Categories: Travel

A 16,000-tonne boulder sits just outside Calgary and holds a world record

The Okotoks Erratic is a massive boulder sitting in the middle of a prairie landscape just west of Okotoks in southern Alberta. According to the Government of Alberta, it’s considered the largest glacial erratic in the world and was carried from its original location by moving glaciers thousands of years ago.

Today, it sits alone, surrounded by flat open land, which makes its size and presence even more striking. Known as “Big Rock,” it has become one of Alberta’s most recognized natural landmarks.

Its journey stretches back tens of thousands of years, through ancient mountain formations and ice-age movement, before ending up in its very unexpected home.

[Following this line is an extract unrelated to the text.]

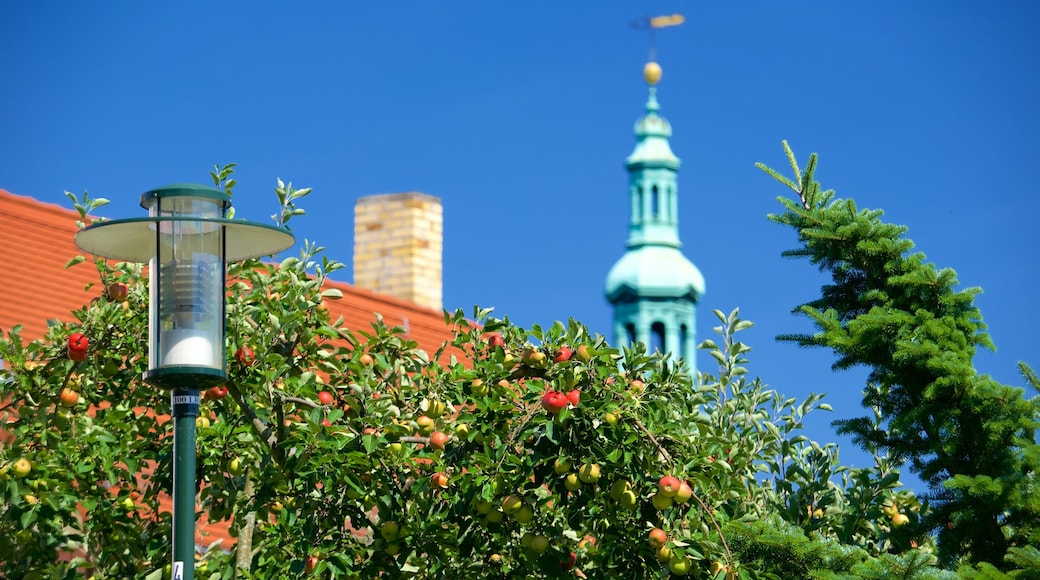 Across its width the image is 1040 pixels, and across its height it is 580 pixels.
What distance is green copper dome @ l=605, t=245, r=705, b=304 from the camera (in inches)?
1908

A rock with a seriously long journey

According to the Government of Alberta, the Okotoks Erratic weighs about 16,500 tonnes and stretches roughly 41 metres long. To put that in perspective, it’s about the size of a three-story building dropped right into Alberta’s flat prairie landscape.

But it didn’t actually start there.

The rock originally formed in what is now Jasper National Park as part of the Gog Formation, a layer of sediment laid down in a shallow sea over 500 million years ago.

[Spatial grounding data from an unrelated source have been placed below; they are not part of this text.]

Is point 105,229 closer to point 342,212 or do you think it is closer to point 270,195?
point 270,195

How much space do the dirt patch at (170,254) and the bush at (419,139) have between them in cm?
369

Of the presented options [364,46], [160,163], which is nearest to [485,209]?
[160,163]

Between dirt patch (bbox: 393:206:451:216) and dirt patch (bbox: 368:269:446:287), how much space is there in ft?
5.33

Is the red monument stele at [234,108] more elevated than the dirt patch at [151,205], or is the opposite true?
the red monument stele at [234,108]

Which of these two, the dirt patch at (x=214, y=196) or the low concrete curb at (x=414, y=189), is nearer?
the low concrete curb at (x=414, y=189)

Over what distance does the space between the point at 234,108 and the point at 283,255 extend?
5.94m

During the last ice age, around 30,000 years ago, a rockslide sent massive chunks of this formation crashing onto a glacier in the Athabasca Valley. The glacier then carried the Okotoks Erratic far from the mountains, and when the ice eventually melted, it left the boulder behind exactly where it sits today.

More than just a big rock

And the Okotoks Erratic isn’t just impressive in size – it’s also culturally and historically significant. According to the Town of Okotoks, the Blackfoot name for the area comes from the word “okatok,” meaning rock, and the site is tied to an important traditional story about the trickster Napi and how the boulder split in two. The tale has been passed down for generations and remains an important part of indigenous history.

In more recent history, the Government of Alberta designated Okotoks Big Rock as a Provincial Historic Resource in 1978 to help protect it. It has also been digitally preserved by the University of Calgary, ensuring its details are recorded for educational and research purposes.

Today, visitors can see Okotoks Erratic just off the highway and walk right up to it. The colours, textures, and sheer scale of the boulder are even more striking up close.

So while it may look like just a rock in a field at first glance, the Okotoks Erratic is really a time capsule of ice-age movement, ancient seas, and Indigenous history, telling a story that stretches back thousands of years.

Okotoks Erratic

When: Open year-round
Time: Open 24 hours
Where: AB-7, Foothills County, Alta.